# 64 bit driver for old scanner - help



## okuma (Sep 16, 2010)

I have an older Minolta Dimage Scan Elite 35 mm film scanner and have just upgraded to Win 64 bit.

I can not locate a new driver for it and Minolta does not support it.

Any one know where I cn get a driver?
Does any one know how far back the Nikon scanners are supported for 64 bit systems?

Thanks,

Allan

Found: Generic 64 bit driver  http://www.hamrick.com/


Mod note: Highlighted Allan's solution to the problem.


----------



## clee01l (Sep 17, 2010)

[quote author=okuma link=topic=11'57.msg74299#msg74299 date=1284677'28]
I have an older Minolta Dimage Scan Elite 35 mm film scanner and have just upgraded to Win 64 bit.

I can not locate a new driver for it and Minolta does not support it.

Any one know where I cn get a driver?...[/quote]I think you answered your own question.
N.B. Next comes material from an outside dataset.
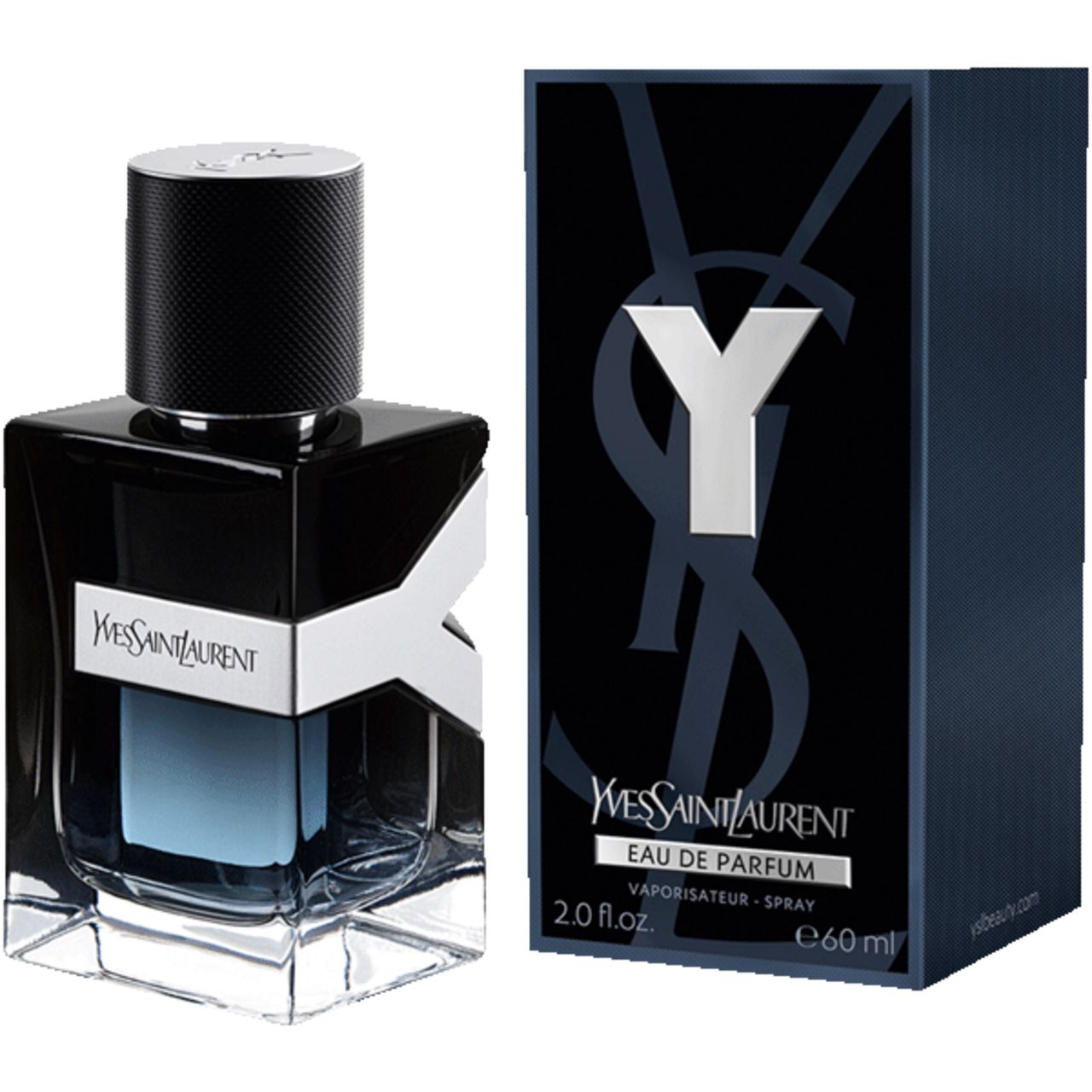 Yves Saint Laurent Y Men EdP Vapo. Flacone e confezione. Flacone nero, etichetta bianca. Confezione nera con logo Y bianco. 2.0 fl.oz. / 60ml.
If Minolta does not support the old scanner, then no one is going to be writing a 64 bit driver for it. It will make a 'nice doorstop'.


----------



## Brad Snyder (Sep 18, 2010)

Thanks for checking back with that info Allan.


----------



## DonRicklin (Sep 18, 2010)

You might check out Vuescan, it support many older models, even SCSI (?) ones.

Don


----------



## Brad Snyder (Sep 18, 2010)

Don, good idea, you probably didn't see it, but Allan has added a 'solved' line to his original post, which refers to hamrick.com, the developer of Vuescan.


----------



## Anna T (Oct 8, 2010)

[quote author=okuma link=topic=11'57.msg74299#msg74299 date=1284677'28]
I have an older Minolta Dimage Scan Elite 35 mm film scanner and have just upgraded to Win 64 bit.

I can not locate a new driver for it and Minolta does not support it.

Any one know where I cn get a driver?
Does any one know how far back the Nikon scanners are supported for 64 bit systems?


Found: Generic 64 bit driver  http://www.hamrick.com/


Mod note: Highlighted Allan's solution to the problem.
[/quote]

I'm on the point of getting a new system and just made some search concerning my Nikon Coolscan 4''' scanner. Here is a link to Nikon's website : 

http://nikoneurope-en.custhelp.com/.../45255/p/25/c/241/r_id/15'284#Film%2'Scanners

Things are only half encouraging : Nikonscan 4.'.3 will work on Window 7, "for the basic tasks" (?) and in the 32bits version, but the scanner won't work on a 64 bit machine, because it won't be recognized by a 64bit machine. I wonder whether Hamrick's Vuescan will be able to find it ? Alternatively it will perhaps work if one get the ultimate Win7 version, the one able to be run either in 32bits or in 64bits.


----------



## Jim Wilde (Oct 8, 2010)

[quote author=Anna T link=topic=11'57.msg75743#msg75743 date=1286545866]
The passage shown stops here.